Performance on CPU

Before anything, this is my first OpenCL program, so be cute.

I use AMD OpenCL implementation.
Command Queue on my CPU (host == device)

OpenCL time: 978ms
OpenMP time: 266ms
One thread time: 279ms

  1. Why this bad performance in the same CPU?
    I understand that this is a memory and not processor work, but on the same device must have at least the same results.
    (I believe) there is no buffer copy (I use CL_MEM_USE_HOST_PTR on buffer creation).

  2. GPU has restrictions in memory allocation. I want to make ultra huge sparse matrix-vector multiplication for Finite Element Analysis. If I write and read ALL THE TIME small pieces of these big matrix-vector to GPU, I will have performance cost, No? (Matrix & vector cannot fit in small GPU memory - only 100MB OpenCL buffer allocations for my ATI Radeon).

OpenMP code

#pragma omp parallel for
for(size_t z = 0; z < SIZE; z++)
	c[z] = a[z] + b[z];

OpenCL code:

status = clEnqueueWriteBuffer(*cqueue, *ba, CL_FALSE, 0, SIZE * sizeof(float), a, 0, 0, 0);
status |= clEnqueueWriteBuffer(*cqueue, *bb, CL_FALSE, 0, SIZE * sizeof(float), b, 0, 0, 0);
kernel.setArg(0, *ba);
kernel.setArg(1, *bb);
kernel.setArg(2, *bc);
size_t dim[1] { SIZE };
status |= clEnqueueNDRangeKernel(*cqueue, *kernel, 1, 0, dim, 0, 0, 0, 0);
status |= clEnqueueReadBuffer(*cqueue, *bc, CL_TRUE, 0, SIZE * sizeof(float), c, 0, 0, 0);

Kernel code

__kernel void vector_add(__global float *A, __global float *B, __global float *C)
{
	size_t idx = get_global_id(0);
	C[idx] = A[idx] + B[idx];
}

I’d probably try:
a) using float4 as the kernel argument type, although openmp can probably vectorise that loop, i dont think amd’s compiler will by itself.
b) use enqueuemap/unmap rather than writebuffer: write WILL copy the data because that is what you told it to do. USE_HOST_PTR is only useful if you have the data already setup and for a cpu, aligned appropriately.
c) (or just don’t time the copies).

Still, remember it’s still only executing on a cpu, so it isn’t magic. openmp already adds spreading across cores, and the compiler is probably already doing vectorisation of such a simple loop.
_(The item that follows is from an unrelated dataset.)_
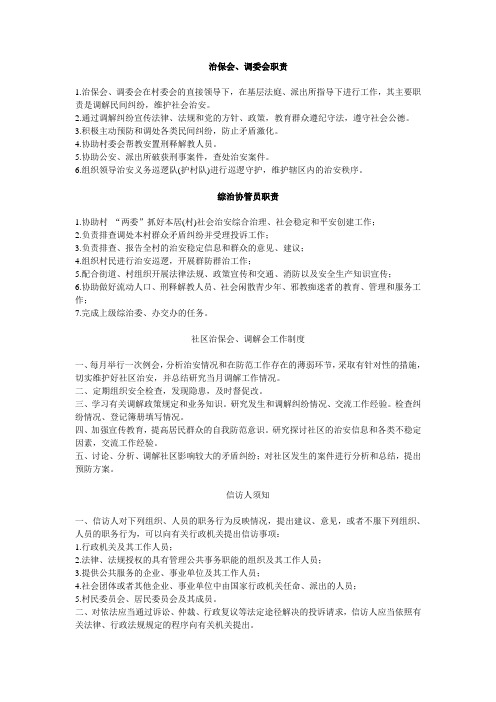 治保会、调委会职责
TBH if you’re only doing opencl on a cpu and will never move to other hardware, it’s hardly worth the hassles. It’s more useful as a debugging tool at this point, although looking at where cpu and gpu designs are heading, they are converging rapidly.

If you only have a tiny gpu card, you can’t expect to be able to solve huge problems. A GPU kernel can only work on data that is in physical memory on the card at the time it executes. A whole programme can allocate more memory than that, but each kernel must be able to access the data when it runs. Go buy another card or be content with investigating smaller problems: the programming techniques are the same at any rate.

My observations:

  1. Definitely try float4s (or float8s, of float16s) … I achieved >50% speedup on AMD 5870 by going from floats to float4s.
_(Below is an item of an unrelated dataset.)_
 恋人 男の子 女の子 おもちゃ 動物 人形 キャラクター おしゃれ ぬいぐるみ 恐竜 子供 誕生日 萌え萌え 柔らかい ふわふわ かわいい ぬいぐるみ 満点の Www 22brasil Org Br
  2. I tried mapping buffers, and for me, for the most part, it only increased throughput where it was already deficient due to variations in other parameters in my tuning process. Still, where my tuning curve is best, it gives 1 to 3 percent. SO, I use it, but it’s not a miracle for me. CL/GL interop may be the miracle I still seek; yet to be investigated…

  3. I don’t know “openmp”, but, before going to OpenCL, I went multi-CPU-core with XCode’s Grand Central Dispatch. It did give me increased throughput over single-threaded, but I get (I guess) at least double the throughput (CPU only) that I do under GCD, with OpenCL. So, I’d say that OpenCL may be very worth your while even if you’re only using the CPU.

  4. Good luck!

== Dave

Remember he’s talking about a cpu-only speed test, comparing against a cpu loop. It’s just timing memory copies, so extra copies are going to add up.

On a discrete GPU it can’t make so much difference since the data needs to be copied one way or another anyway.